_TASK REQUIREMENTS:_ Copy out each line of the data below in which "Pack" appears.
┌──
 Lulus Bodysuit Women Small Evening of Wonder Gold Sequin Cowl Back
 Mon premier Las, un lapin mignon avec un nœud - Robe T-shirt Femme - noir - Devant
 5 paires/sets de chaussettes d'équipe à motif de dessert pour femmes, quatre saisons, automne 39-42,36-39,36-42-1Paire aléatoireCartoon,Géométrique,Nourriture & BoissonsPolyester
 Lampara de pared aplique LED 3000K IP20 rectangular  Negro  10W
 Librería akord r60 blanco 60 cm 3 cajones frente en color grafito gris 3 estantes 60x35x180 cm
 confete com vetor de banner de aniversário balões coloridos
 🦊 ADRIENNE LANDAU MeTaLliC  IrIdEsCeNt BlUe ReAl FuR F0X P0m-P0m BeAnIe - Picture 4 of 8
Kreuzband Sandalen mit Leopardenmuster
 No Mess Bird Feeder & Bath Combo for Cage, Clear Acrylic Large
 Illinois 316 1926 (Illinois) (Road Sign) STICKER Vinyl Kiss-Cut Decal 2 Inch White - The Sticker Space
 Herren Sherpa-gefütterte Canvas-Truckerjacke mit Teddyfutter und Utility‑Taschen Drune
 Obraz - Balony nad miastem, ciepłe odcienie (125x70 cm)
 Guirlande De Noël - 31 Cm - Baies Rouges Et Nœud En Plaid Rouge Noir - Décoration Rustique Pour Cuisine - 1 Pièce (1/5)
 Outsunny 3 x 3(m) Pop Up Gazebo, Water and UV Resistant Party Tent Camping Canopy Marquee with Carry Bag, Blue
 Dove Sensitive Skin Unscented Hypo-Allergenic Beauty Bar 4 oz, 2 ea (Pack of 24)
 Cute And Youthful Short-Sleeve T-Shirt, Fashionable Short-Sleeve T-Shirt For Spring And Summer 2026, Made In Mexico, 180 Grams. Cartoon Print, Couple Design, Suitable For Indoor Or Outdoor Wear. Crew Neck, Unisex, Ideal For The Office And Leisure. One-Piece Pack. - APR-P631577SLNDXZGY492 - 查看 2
└──
_RESULT OF THE TASK:_
 Dove Sensitive Skin Unscented Hypo-Allergenic Beauty Bar 4 oz, 2 ea (Pack of 24)
 Cute And Youthful Short-Sleeve T-Shirt, Fashionable Short-Sleeve T-Shirt For Spring And Summer 2026, Made In Mexico, 180 Grams. Cartoon Print, Couple Design, Suitable For Indoor Or Outdoor Wear. Crew Neck, Unisex, Ideal For The Office And Leisure. One-Piece Pack. - APR-P631577SLNDXZGY492 - 查看 2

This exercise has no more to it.